Description
In the 1840s, Emerson encouraged a number of young men in whom he saw literary promise, Henry Thoreau, Ellery Channing, Jones Very, and Charles King Newcomb among them. As editor of The Dial, he was in a position to give exposure to the work of unknowns who might otherwise not have had opportunity for publication. Through Emerson’s agency, Newcomb’s “The First Dolon”—part of his “The Two Dolons. From the Ms. Symphony of Dolon”—appeared in the issue for July, 1842.
Charles King Newcomb (1820-1894) was raised in relative affluence by a doting mother after his father’s death in 1825. He graduated from Brown University in 1837. From 1841 to 1845 he boarded at Brook Farm, and from 1845 to 1865 lived primarily in Providence. He joined the Tenth Rhode Island Volunteers in 1862 and was sent to defend Washington from possible Confederate attack.
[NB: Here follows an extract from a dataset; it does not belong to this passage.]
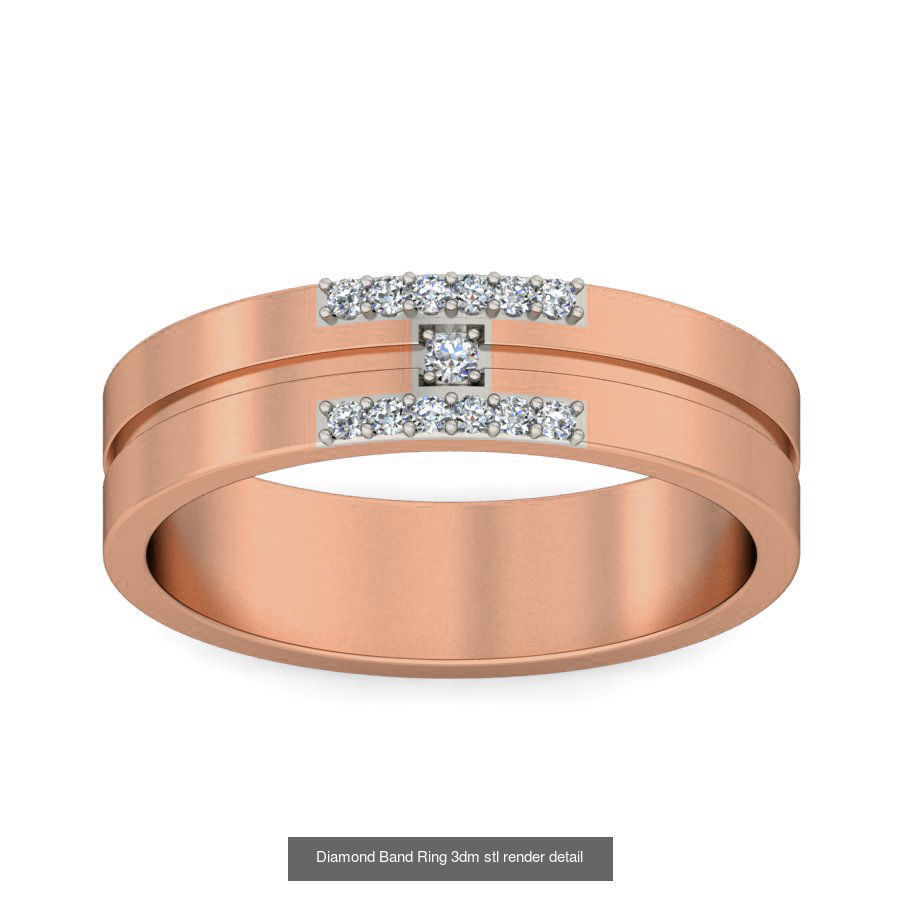 48 Diamond Band Ring 3dm stl render detail  3D Model Collection_13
He lived in Philadelphia from 1866 to 1871, in Europe from 1871 until his death in Paris in 1894. Newcomb was a diarist, an admirer of Swedenborgian philosophy and at the same time of the trappings of Catholicism, a poet, and a protégé and correspondent of Margaret Fuller as well as of Emerson. His “First Dolon” was his only published work.
Emerson first met Charles King Newcomb in Providence in 1840. After he began to edit The Dial, he corresponded with Newcomb, urging him to submit pieces for publication and to visit Concord. In his letters to the young man, he presented an enticing picture of Concord as a place of charming natural appeal, enlivened by the comings and goings of a variety of interesting people. He wrote of Margaret Fuller, Henry Thoreau, Elizabeth Hoar, Bronson Alcott, Caroline Sturgis, Elizabeth Peabody, George Bradford, Nathaniel Hawthorne, Edmund Hosmer, and Ellery Channing.
Newcomb visited the Emersons in Concord on June 19, 1842. Although the two remained in contact, Emerson’s enthusiasm for Newcomb cooled over time. By 1848, he referred to him as “the spoiled child of culture.”